The $16,000 Cost Leak Hiding in Your Availability Zones
AWS charges for data transfer between Availability Zones. Within the same AZ, traffic between your resources is free. Across AZs, it costs money. This isn't a secret - it's right there in the pricing docs. And most teams know about it in theory.
But knowing about cross-AZ pricing and actually checking whether your resources are aligned are two different things.
One of my clients was paying over $20,000 a year in cross-AZ data transfer. A significant portion of that was traffic between EC2 instances and databases in different AZs. The setup was straightforward: a single EC2 instance talking to a single Aurora database per customer or database pair. Consistent tags on both sides - something like "Customer=ACME" on the EC2 instance and the same tag on its corresponding database.
The problem: almost half of all their databases were in a different AZ from the EC2 instance with the matching tag.
This is the kind of thing that happens gradually. You launch a database. AWS puts it in an AZ. You launch a compute instance. AWS puts it in an AZ. They might be the same AZ. They might not. Nobody checks. The application works either way. The latency difference is negligible. The cost difference is not.

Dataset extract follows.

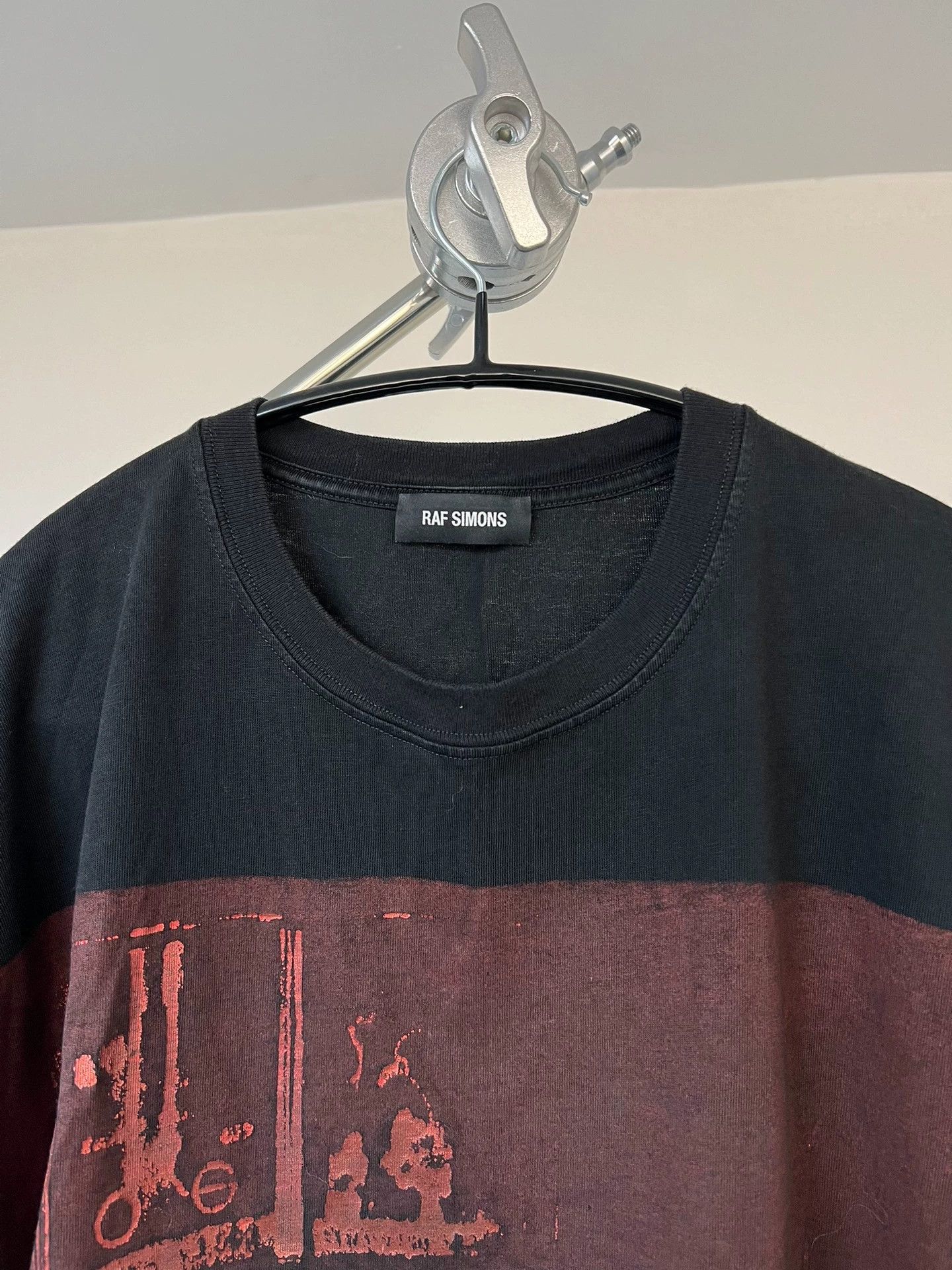 Raf Simons Raf Simons 18ss Clone Print Reflective T-Shirt L Size US L / EU 52-54 / 3 - 3 Thumbnail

I built a tool - number 19 in my toolkit - that finds all RDS databases in a different AZ from the corresponding EC2 instance with the same tag. The tool calculates the data transfer cost for each misaligned pair using network bandwidth metrics and outputs a sorted spreadsheet.
The fix is clean. For Aurora, you create a read replica in the same AZ as the EC2 instance, then trigger a failover. The database ends up in the right AZ. The application doesn't need to change. No code changes, no connection string updates.
Projected savings: approximately $16,000 annualized. The customer wouldn't need to "move a finger."
This cost leak is entirely invisible unless you're specifically looking for it. It doesn't show up as a warning in the console. It doesn't cause performance problems. The application works fine across AZs. The data transfer charges are buried in a line item that most teams never break down by traffic type.
And it's a one-time fix. Once the database is in the right AZ, it stays there. The cost leak is plugged permanently.
I noted that the same issue might exist in this client's ElastiCache setup - cache clusters in different AZs from their compute. Left that for another day.
One thing that made this possible: the client had consistent tags linking compute and database resources. Without those tags, you'd need someone to manually map which instances talk to which databases.